— Assignment —
Return each line of the listing below, unchanged, and omit the images.

— Provided data —
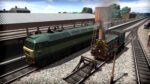 Train Simulator WSR Diesels Loco Steam Key GLOBAL DLCS 17741 2 6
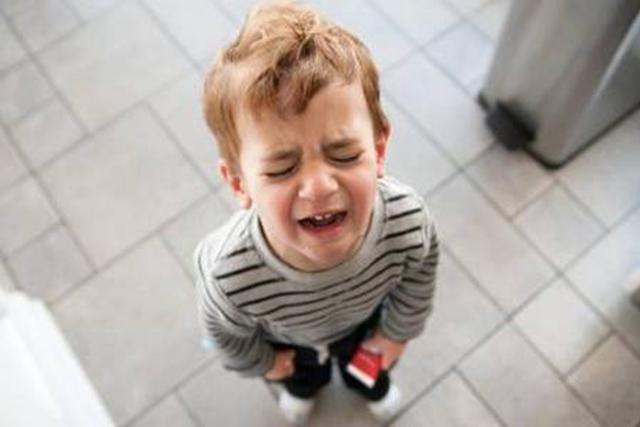 孩子不听话脾气大怎么沟通管理,孩子脾气犟不听话老师咋办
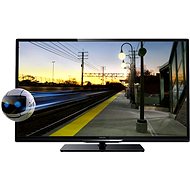 55" Philips 55PFL4308H - Television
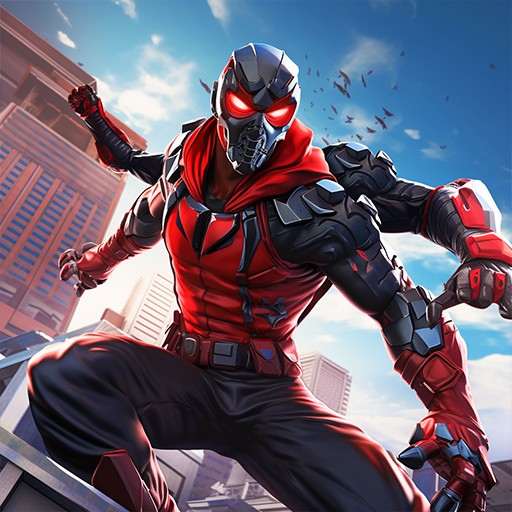 Games like Gangster City Rope Game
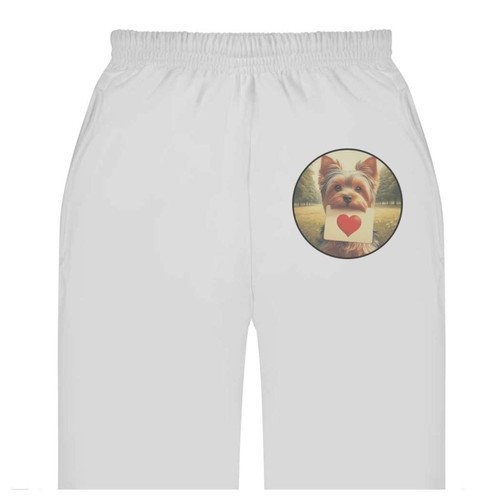 Yorkshire terrier love adult - 'yorkshire,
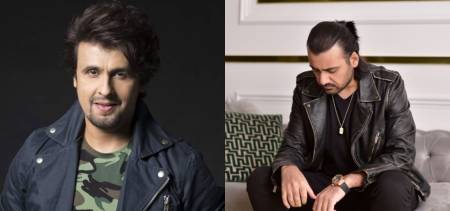 Sonu Nigam's Unexpected Apology to Omer Nadeem Over Song Similarity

— Expected output —
 Train Simulator WSR Diesels Loco Steam Key GLOBAL DLCS 17741 2 6
 孩子不听话脾气大怎么沟通管理,孩子脾气犟不听话老师咋办
 55" Philips 55PFL4308H - Television
 Games like Gangster City Rope Game
 Yorkshire terrier love adult - 'yorkshire,
 Sonu Nigam's Unexpected Apology to Omer Nadeem Over Song Similarity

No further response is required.